Munson Hills Trail

By Gordon Cherr


Munson Hills- everyone knows how to get to the Rails To Trails trail head on south Monroe Street. Just in case you don't though, head south from the center of town on Monroe Street. Just past Capital Circle on the right you will see the main parking area for the Rails to Trail. The Munson Hills trail really begins here for me. Instead of running the pavement, there is a little-used bridle path to the right (west) of the asphalt. Take that instead (although the pavement parallels this all the way), and follow this for about 1.25 miles to the entrance of the "Munson Hills" bike trail. You can't miss it, there is a sign there, and a split rail fence, bench and water fountain. Just hang a right and you are there. There is a bathroom, on the left, further in.

Then, once on the trail, follow the blue paint slashes on the pine trees. The trail is a long loop, so you can go left or right once on the trail and come back out in the same place, no worries, mate. If you bear right, for example, follow this through quiet forests of loblolly and slash pine, and the more recently replanted longleaf pine. The trail is sandy and soft on your feet. Likely, the only thing you will hear is the breeze through the tops of the pine trees, the sound is very discernable and like nothing else you have ever heard. This is a piney upland area and I always see fox squirrel here, and sometimes if you are lucky and observant, a gopher tortoise noisily plowing his way through the underbrush. In the spring and summer there are bright green bryophyte ferns growing in great abundance here, painting a very striking picture in the ever-shifting shadows of the tall pine trees.

After 25-30 minutes of running (from the trailhead on south Monroe), you will come out to a "crossroads". There are two ways to go here: the first and shorter section is the "Pine Top Short Course". This is a section marked by white paint slashes on the trees, and covers maybe 2 miles (I'm guessing here). This short section winds up and down and around several small ponds/depressions and the trail is pretty much single file. While the trail is well worn here, you need to pay attention to the trail markers, because numerous roads and other trails will cross your route. This is a curvy, windy section, and I once ran headlong (literally) into a coyote coming the other way along the trail (I'm not certain who was more startled), but after a short moment of getting untangled from one another, we each headed our separate ways in peace. I was much richer spiritually for the experience. The coyote didn't say one way or another, but I suspect that she really didn't give a damn.

Anyway, this short section of trail comes out, eventually, at another "crossroads". If you bear left, you will be back on a section which takes you back to the bridle path, eventually. Follow the paint slashes, blue again. Recently someone was kind enough to put up a printed sign here, showing which was the correct trail to take to get back, but people tend to screw around with these things and if you don't know the trail, you might just want to run out here with those who do, until you learn the way. Unless you want the real "wilderness" experience of getting lost. The distance of the loop from your entry at the bridle path through the Pine Top Short Course and back to the bridle path is about 4.75 miles.

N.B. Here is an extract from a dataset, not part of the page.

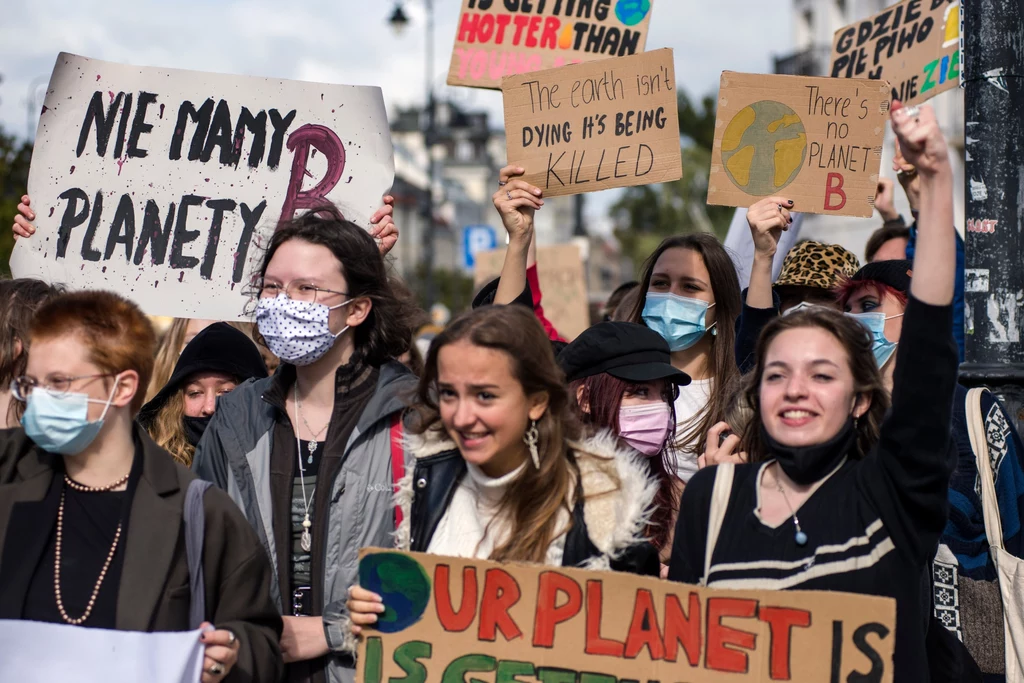 Młodzieżowy Strajk Klimatyczny - marsz w Warszawie.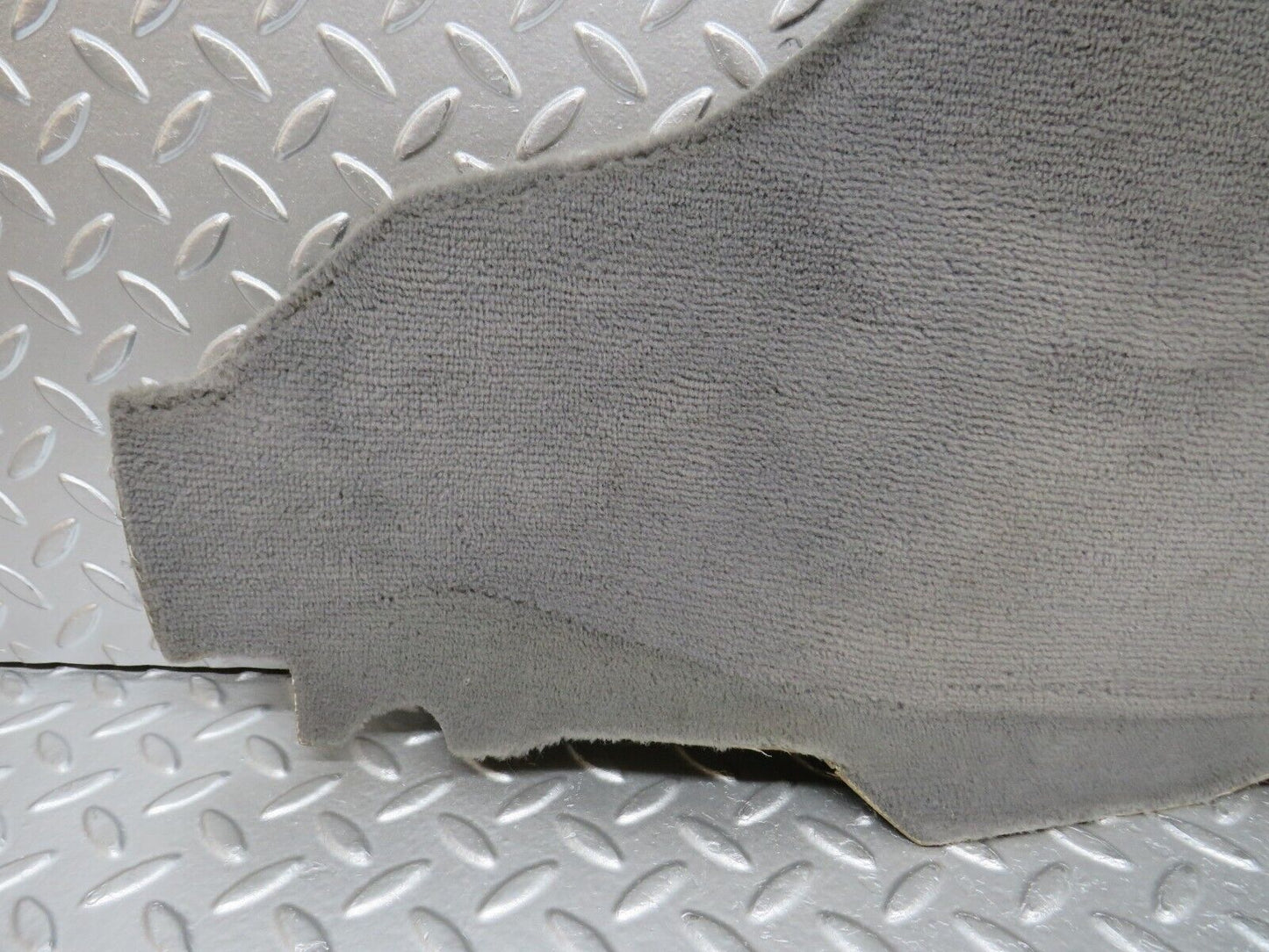 31341 Mercedes-Benz S124 220TE Wagon Centre Console Carpet Right Side Grey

Previously I noted that there were two ways to go at the first "crossroads". The other, longer trail is the "Munson Hills" trail. The road sign is obvious here, and just continue to follow the blue paint slashes. You will continue on through the woods and you'll know that you're going the right way when you come out at a tall power line and a very wide sandy roadway. Actually, this is the only "dangerous" place, because during hunting season, some "people" like to sit in their trucks and pick off deer as they cross the road (the deer, that is). So, if you insist on running through the Apalachicola National Forest during hunting season, it is in your best interests to wear something very bright, like red shorts and an electric green top, and leave the Bullwinkle Moose antlers at home.

This section of trail is a loop that eventually crosses back under the power lines, further south. Keep on going and you'll come out at that second "crossroads" again. Now, you bear right and you're headed back to the bridle path. Instead of about 4.75 miles, this longer loop from bridle path to bridle path is about 7.25 miles. Again, it is easy to get lost here, and it is more enjoyable to run with a friend who knows his/her way until you learn the trails.

Overall, running in the Apalachicola National Forest is one of my favorite experiences. Shannon Sullivan is probably the local guru on the innumerable trails which we have access to in the forest, and he is always helpful and sharing. In fact, if you tell Shannon, he'll probably want to go run along with you, and you can't do any better than that. The forest runs are full of wildlife that should be observed, respected and quietly left alone. Please be watchful on the trails for both your footing (I can attest to the fact that it is a long walk out of there if you hurt yourself) and in warmer weather there usually are snakes laying around waiting for unwary prey. While most are harmless I have seen and jumped over pygmy rattlesnakes out here, and I've probably missed more than what I have seen.

There are no "facilities" in the forest. So, if you take a long run, you might therefore want to tote in your own water and whatever else (e.g. Gu), but if you pack it in, please pack it out. Finally, there was a very "unfortunate" event on the Rails to Trails trail several years ago, when a woman was sexually assaulted. If you have the least bit of trepidation, run with a friend or several of them. Besides, the more runners, the more enjoyable the run, right?